Georges Hobeika presented its Couture Fall 2025 collection under the title The New Order, positioning the show as a response to global uncertainty and technological upheaval. The collection was framed not as an escape, but as a confrontation, aimed at reclaiming clarity through craftsmanship and elegance.

Hobeika’s narrative suggested a return to fundamentals: the discipline of drawing, mastery of technique and honouring traditional craft. The brand positioned this approach as a form of rebellion against disorder. Each design was described as a “conscious act of devotion” that brings clarity, with the house stating that every line, fold and stitch was intended to channel energy into garments that speak of “renaissance and transformation”.
As the house enters its third decade, the designers noted a renewed focus on ancestral elegance and craftsmanship. The collection emerged, in their words, from the “friction between self-doubt and determination” and from resistance to conventional constraints. The work aimed to connect the past and present through a shared pursuit of “transcendence and truth”.
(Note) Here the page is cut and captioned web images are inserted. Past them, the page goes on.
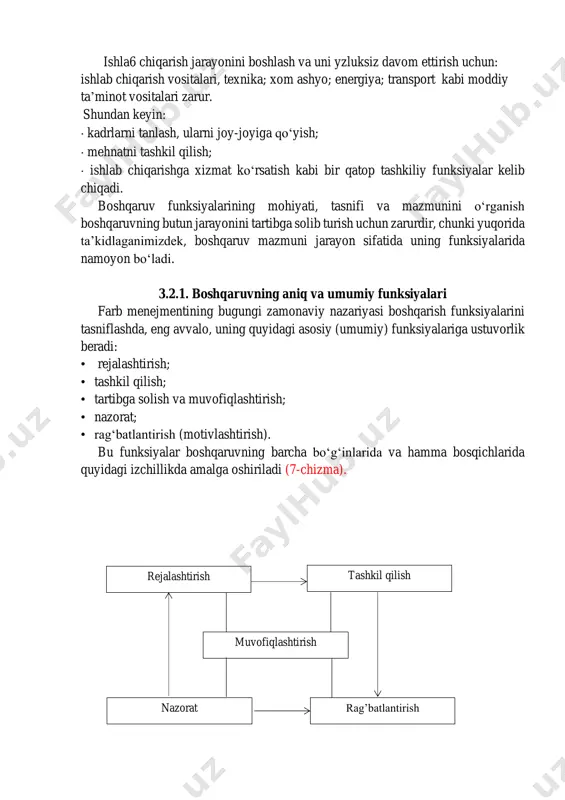 logiyasini ishlab chiqish; • mehnat normalari, materiallar sarfini belgilash; • asbob-uskunalarni tayyorlash kabi ishlarni bajarish bilan bog‘liq funksiyalar paydo bo‘ladi. ishla6 chiqarish jarayonini boshlash va uni yzluksiz davom ettirish uchun: ishlab chiqarish vositalari, texnika; xom ashyo; energiya; transport kabi moddiy ta’minot vositalari zarur. shundan keyin:  kadrlarni tanlash, ularni joy-joyiga qo‘yish;  mehnatni tashkil qilish;  ishlab chiqarishga xizmat ko‘rsatish kabi bir qatop tashkiliy funksiyalar kelib chiqadi. boshqaruv funksiyalarining mohiyati, tasnifi va mazmunini o‘rganish boshqaruvning butun jarayonini tartibga solib turish uchun zarurdir, chunki yuqorida ta’kidlaganimizdek, boshqaruv mazmuni jarayon sifatida uning funksiyalarida namoyon bo‘ladi. 3.2.1. boshqaruvning aniq va umumiy funksiyalari farb menejmentining bugungi zamonaviy nazariyasi boshqarish funksiyalarini tasniflashda, eng avvalo, uning quyidagi asosiy (umumiy) funksiyalariga ustuvorlik beradi: • rejalashtirish; • tashkil qilish; • tartibga solish va muvofiqlashtirish; • nazorat; • rag‘batlantirish (motivlashtirish). bu funksiyalar boshqaruvning barcha bo‘g‘inlarida va hamma bosqichlarida quyidagi izchillikda amalga oshiriladi (7-chizma). rejalashtirish tashkil qilish muvofiqlashtirish nazorat rag’batlantirish …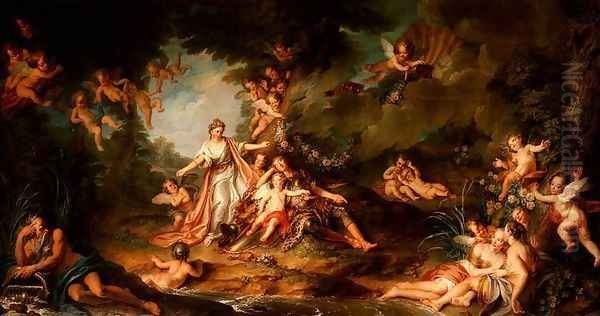 Armide Wishing to Hit Renaud, 1741 Oil Painting by Charles-Antoine Coypel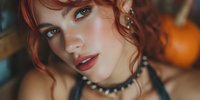 Young Caucasian woman with red curly hair and pearl necklace in warm autumn setting with pumpkins creating cozy seasonal portrait atmosphere.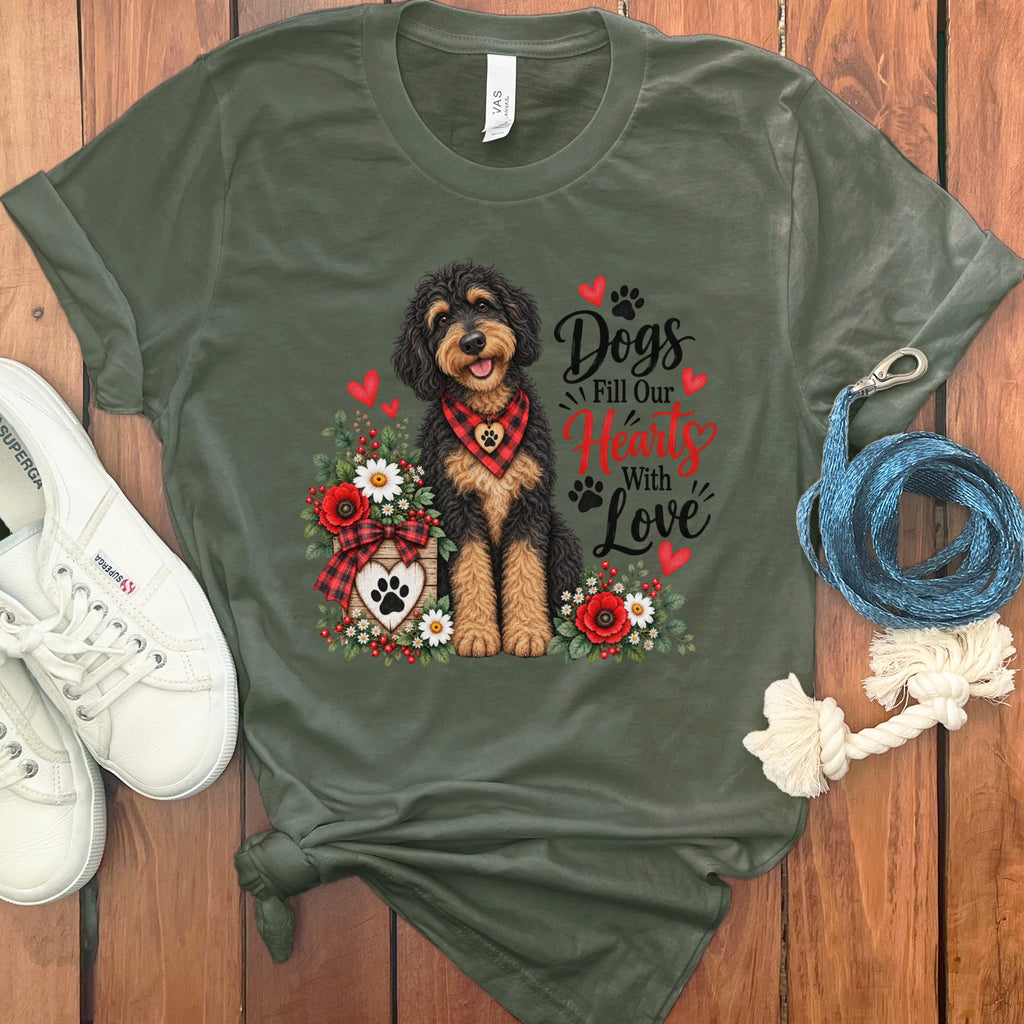 Phantom Goldendoodle Hearts Love T-Shirt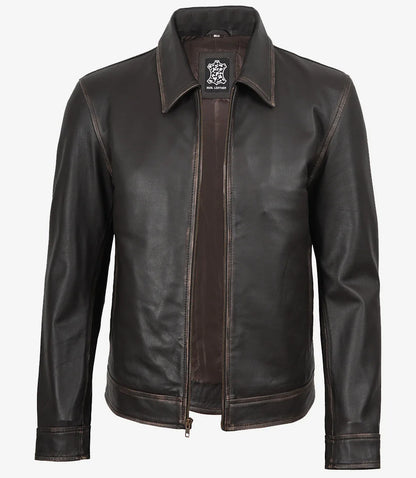 Mike Men's Dark Brown Rub Off Leather Jacket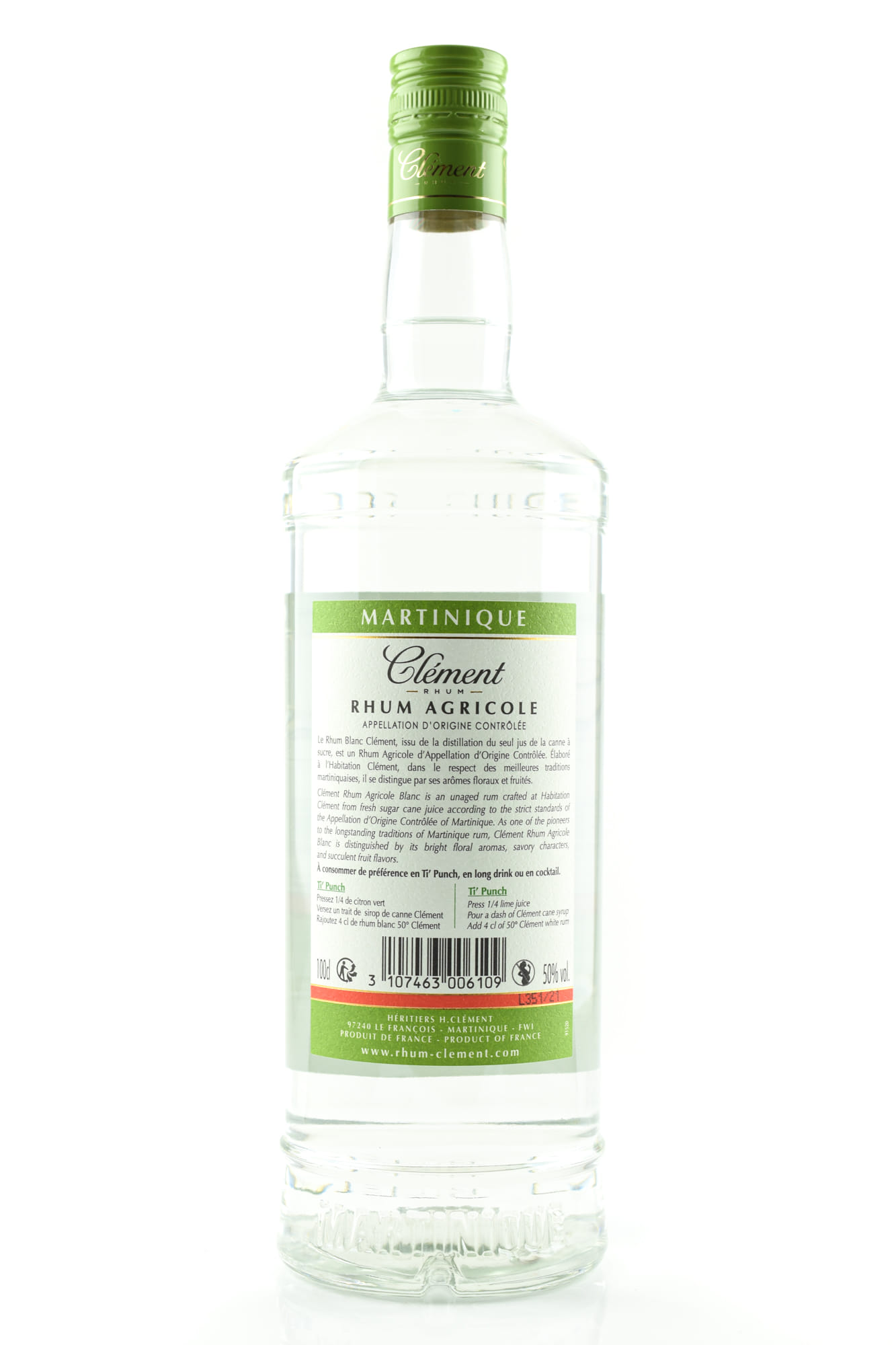 | | Rum Rum | 1,0l Rum 50%vol. Clément Rhum Home Malts of Blanc by type | Agricole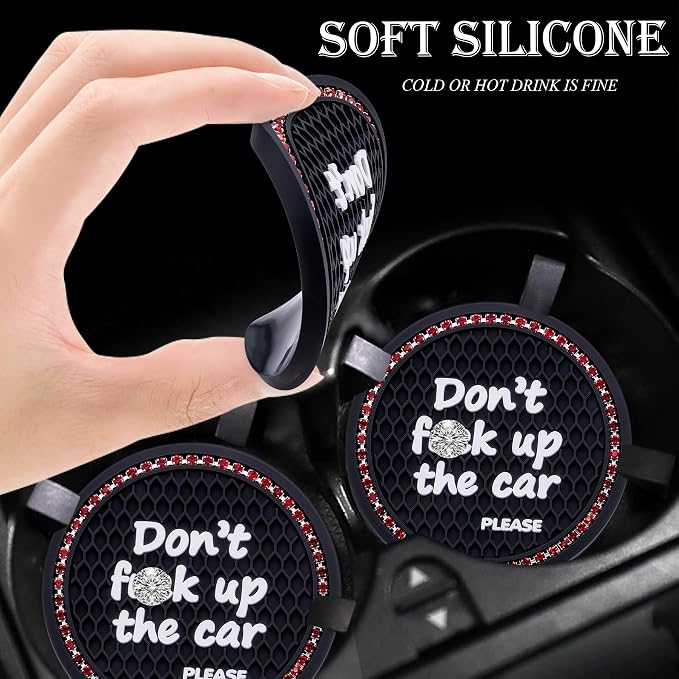 2PCS Bling Crystal Rhinestone Cup Holder Coaster – 2.75 Inch Anti-Slip Auto Insert Cup Coaster – Sparkling Interior Decor Accessories for Cars & Vehicles(Black & Red)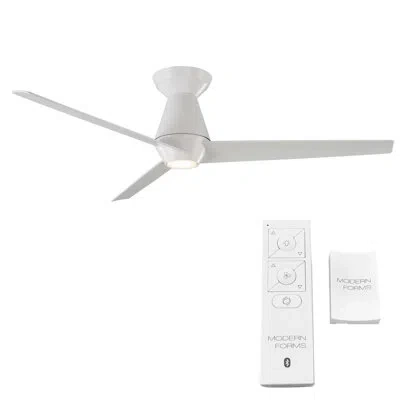 Modern Forms 52" 3 - Blade Smart Propeller Ceiling Fan With Remote Control And Light Kit With Selectable Color Te In Matte White
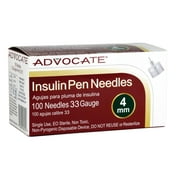 Advocate Pen Needle 33G 4MM 5/32" 100 Count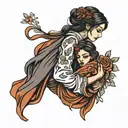 girl carrying girl bridal style tattoo design idea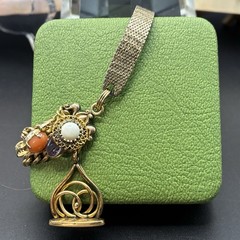 Custom Vintage Gold Filled Pocket Watch Chain & Mesh Bracelet w Charms & Regalia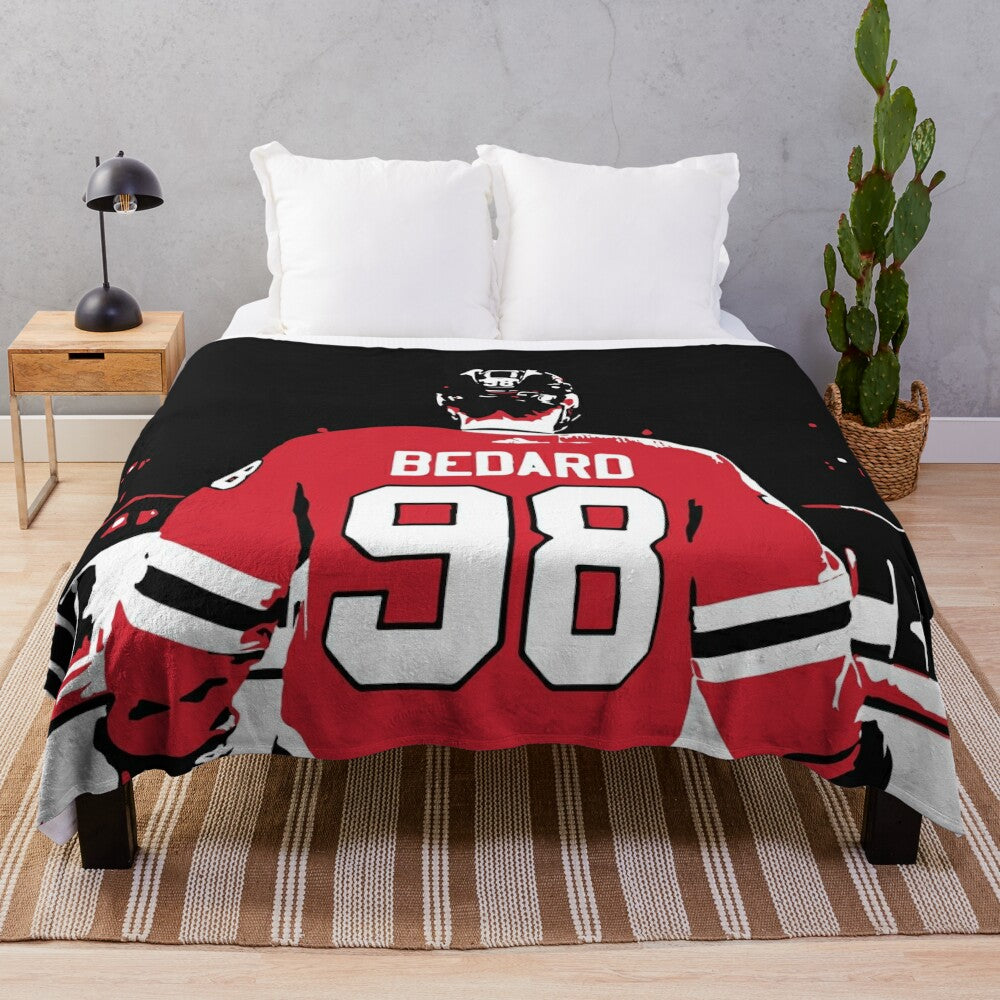 Connor Bedard inspired graphic art plush blanket with Blackhawks colors and design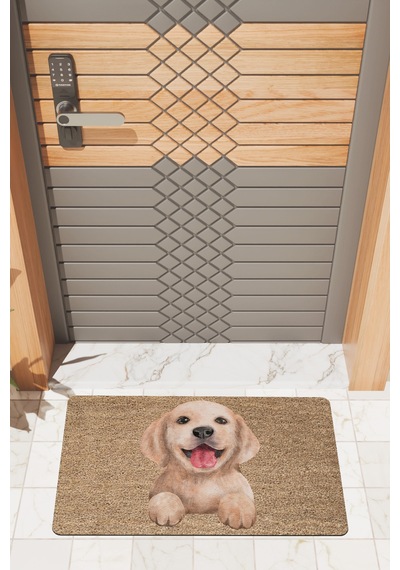Rugmood Modern Dijtal Baskı Köpek Resimli Kapı Önü Paspası Çok Renkli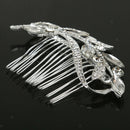 Elegant Leaf Design Rhinestone Hair Comb Wedding Party Bridal Hairdressing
The house also used the occasion to reflect on its 30-year history. Founded in Beirut, Lebanon, Georges Hobeika opened his atelier in 1995. The current collections are developed under the joint vision of Georges and his son Jad. The brand credits its longevity to the combination of exceptional materials and refined craftsmanship, with a consistent focus on conveying “strength, sensuality, and dignity”.
The Fall 2025 Couture show continued the house’s commitment to haute couture as a discipline grounded in technical mastery and creative intent, rather than trend or spectacle. By positioning the collection as a reflection of internal and external turbulence, Georges Hobeika reinforced its belief in the enduring value of craftsmanship in times of disruption.